+++ Supplied records

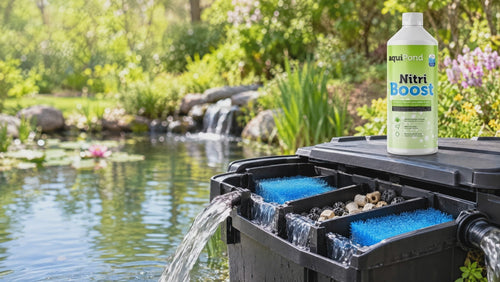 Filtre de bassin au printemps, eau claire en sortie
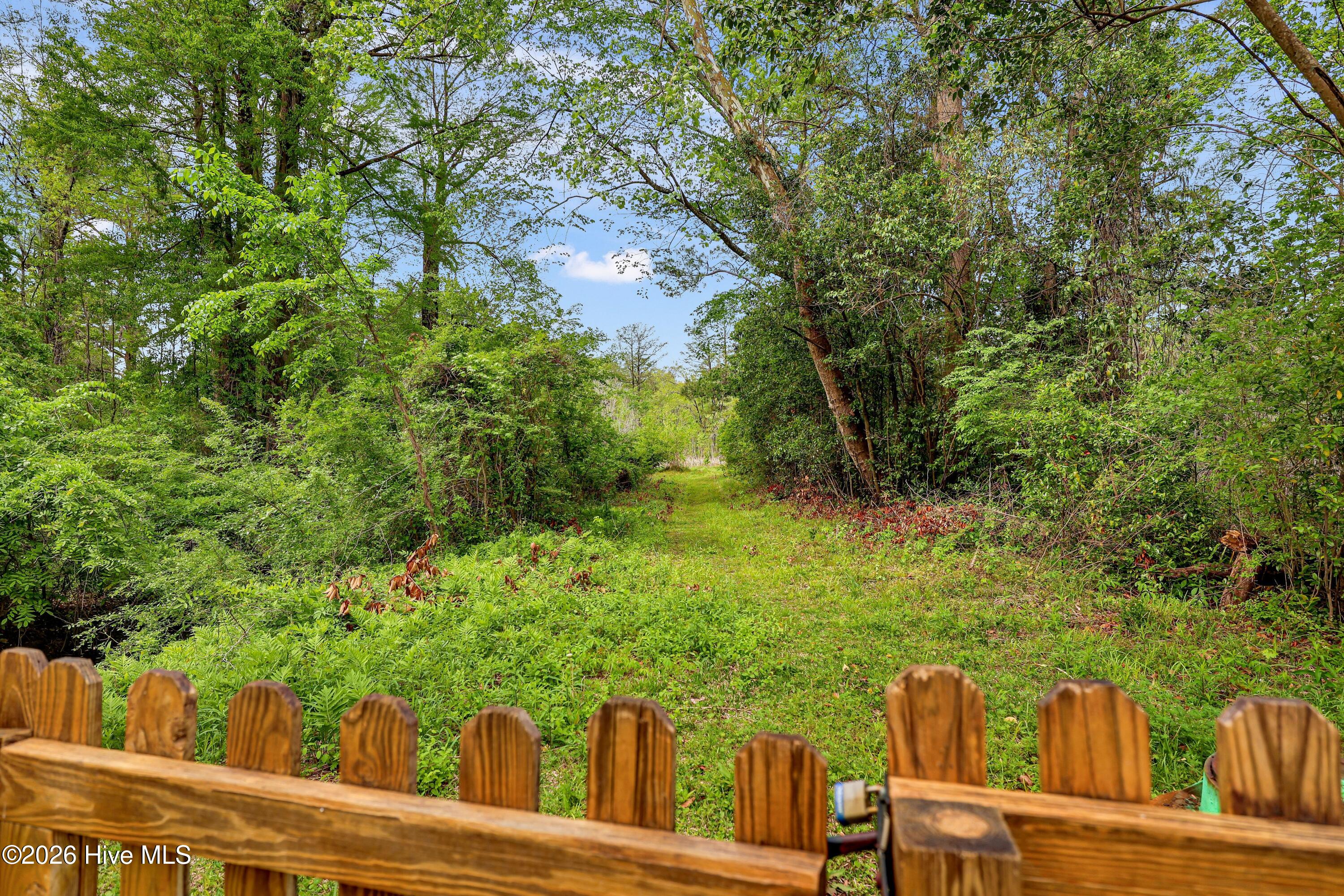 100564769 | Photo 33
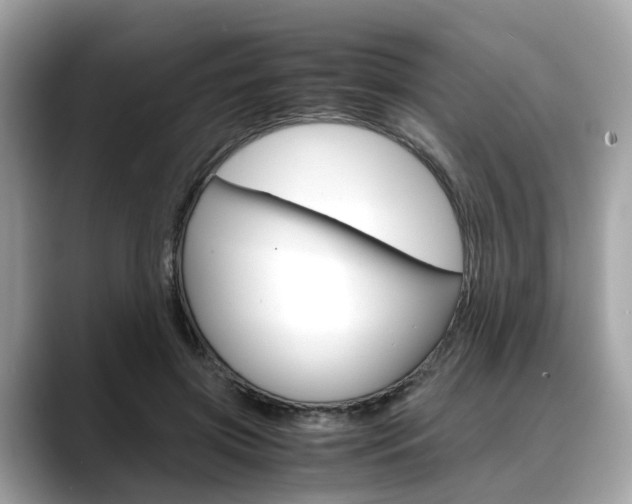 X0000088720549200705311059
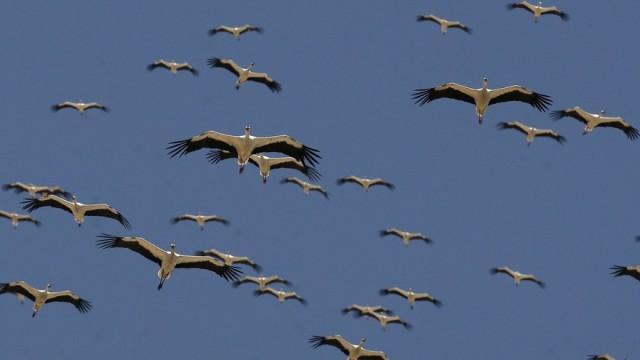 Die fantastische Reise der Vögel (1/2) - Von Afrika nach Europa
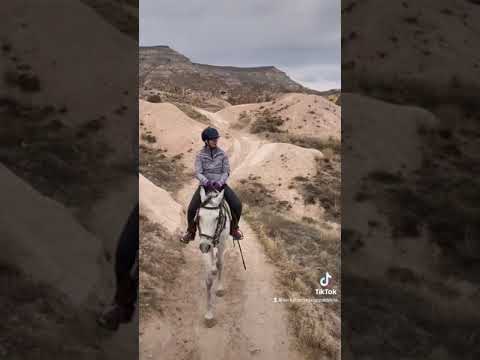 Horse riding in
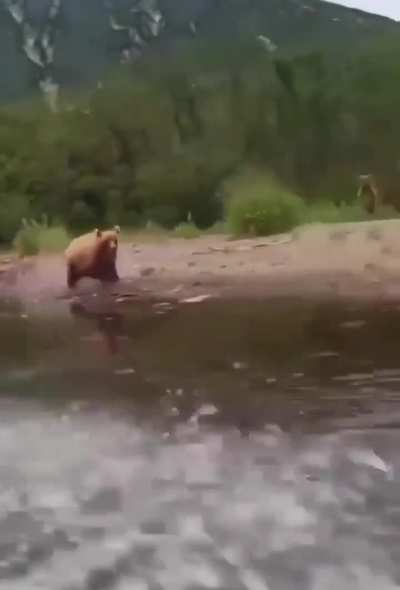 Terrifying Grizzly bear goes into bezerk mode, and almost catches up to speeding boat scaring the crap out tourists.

++++++

> Exercise directions
Your copy should match the data above exactly, apart from the pictures.

> Reply to the task
 Filtre de bassin au printemps, eau claire en sortie
 100564769 | Photo 33
 X0000088720549200705311059
 Die fantastische Reise der Vögel (1/2) - Von Afrika nach Europa
 Horse riding in
 Terrifying Grizzly bear goes into bezerk mode, and almost catches up to speeding boat scaring the crap out tourists.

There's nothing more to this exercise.